- [Problem details] Would you return, word for word, the lines of the data below from the line with "Vishal Prints Deep" through the line with "Khnum Long Sleeve", and no others?

- [Data to examine]
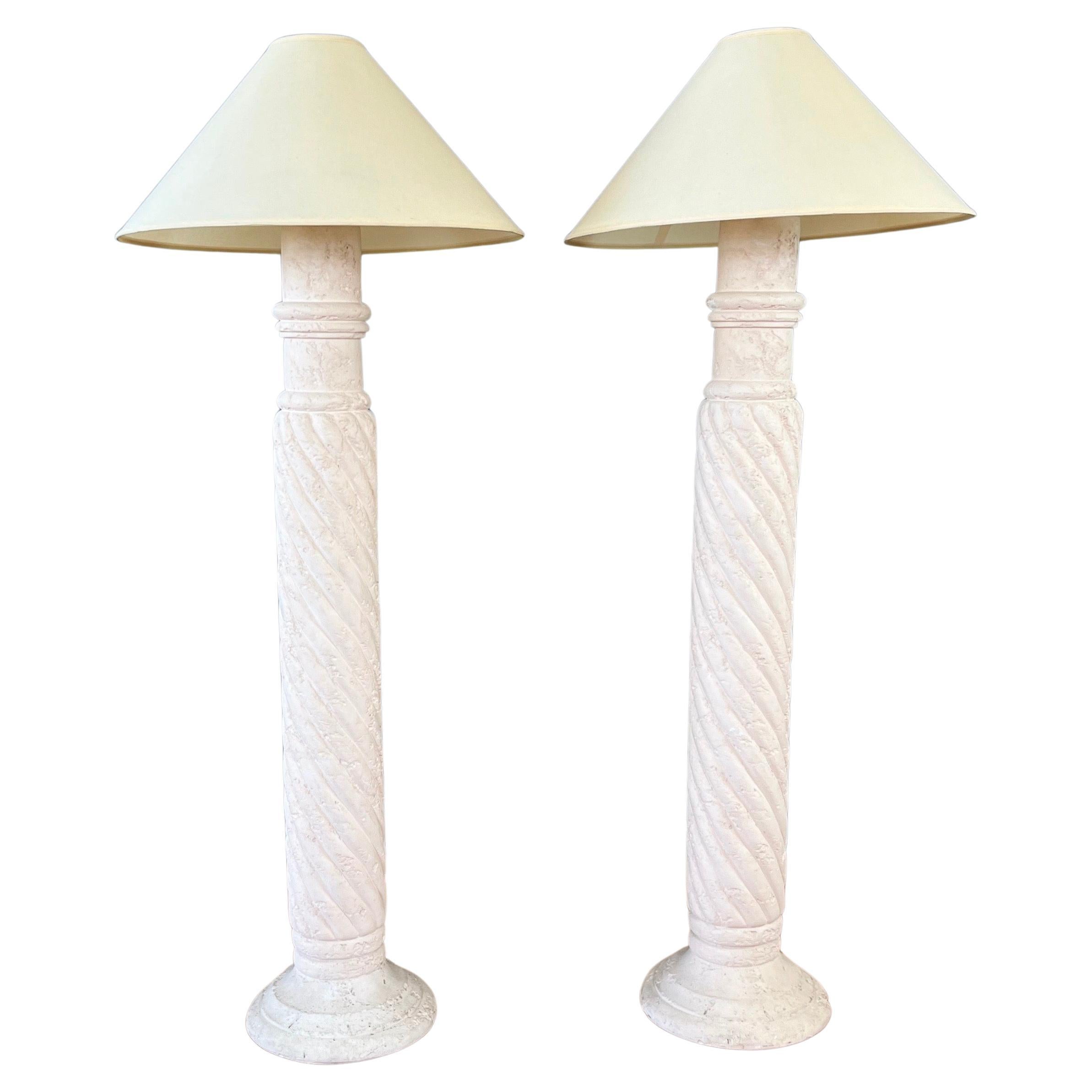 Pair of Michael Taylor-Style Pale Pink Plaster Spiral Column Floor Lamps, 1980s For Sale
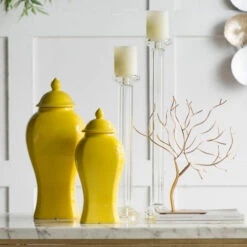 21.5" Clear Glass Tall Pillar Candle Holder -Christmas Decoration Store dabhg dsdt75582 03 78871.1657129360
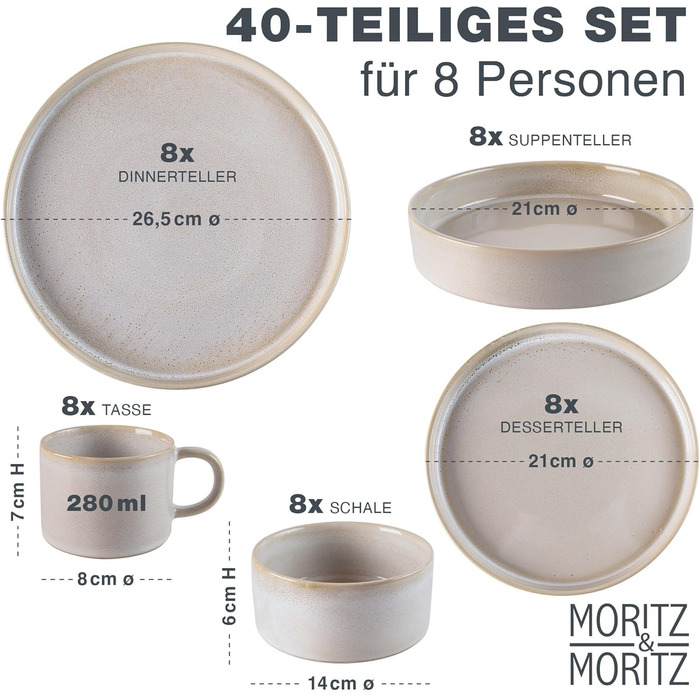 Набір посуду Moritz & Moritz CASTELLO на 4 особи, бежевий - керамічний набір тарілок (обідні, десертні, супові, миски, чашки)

...

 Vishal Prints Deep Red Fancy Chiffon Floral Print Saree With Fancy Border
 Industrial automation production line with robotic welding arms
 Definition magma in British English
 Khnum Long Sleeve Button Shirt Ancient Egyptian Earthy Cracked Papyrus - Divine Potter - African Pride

==

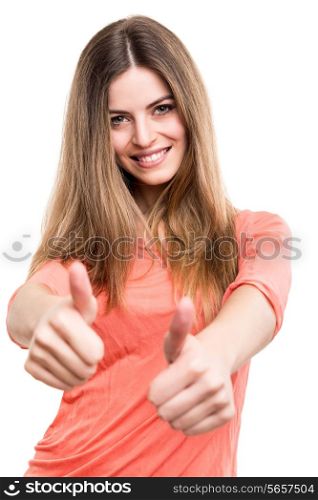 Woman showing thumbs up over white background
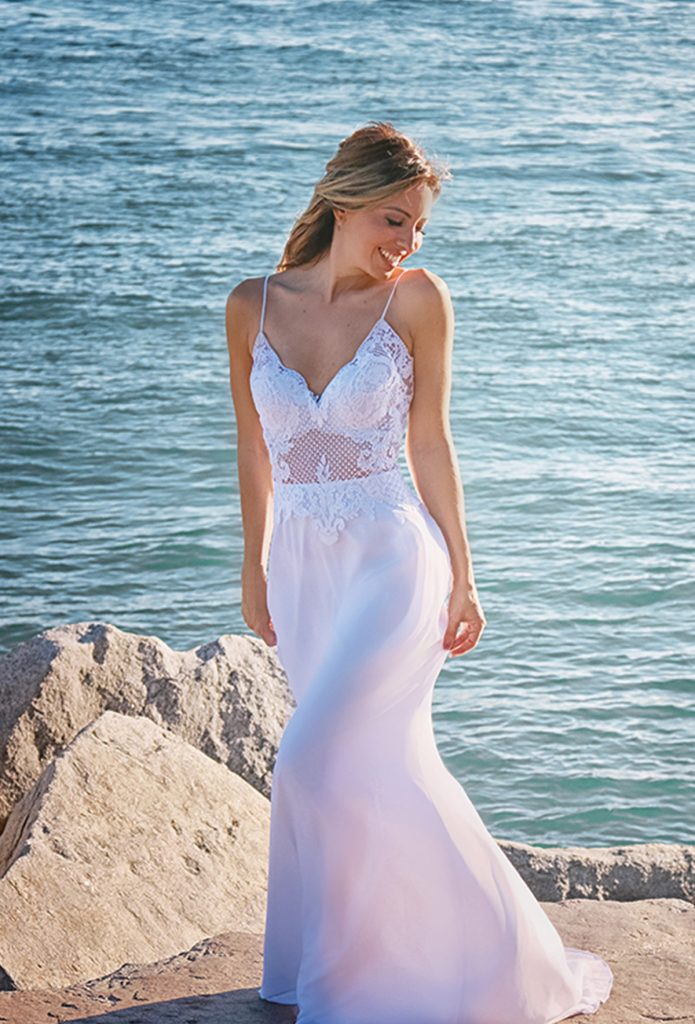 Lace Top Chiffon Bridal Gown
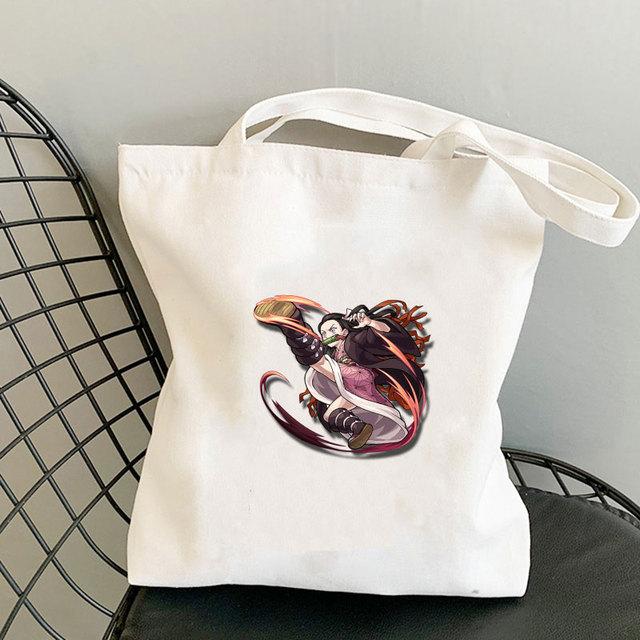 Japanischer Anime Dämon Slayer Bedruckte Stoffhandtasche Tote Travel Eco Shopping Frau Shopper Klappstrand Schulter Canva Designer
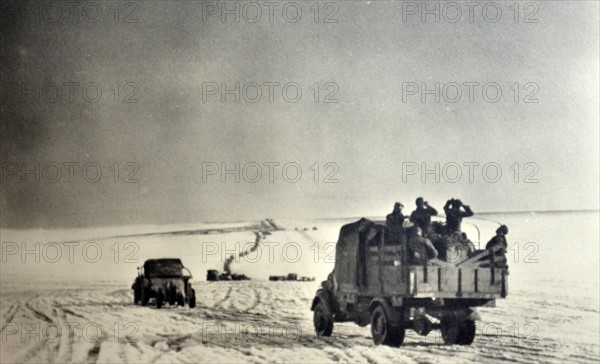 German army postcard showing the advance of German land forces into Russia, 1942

- [Exercise solution]
 Vishal Prints Deep Red Fancy Chiffon Floral Print Saree With Fancy Border
 Industrial automation production line with robotic welding arms
 Definition magma in British English
 Khnum Long Sleeve Button Shirt Ancient Egyptian Earthy Cracked Papyrus - Divine Potter - African Pride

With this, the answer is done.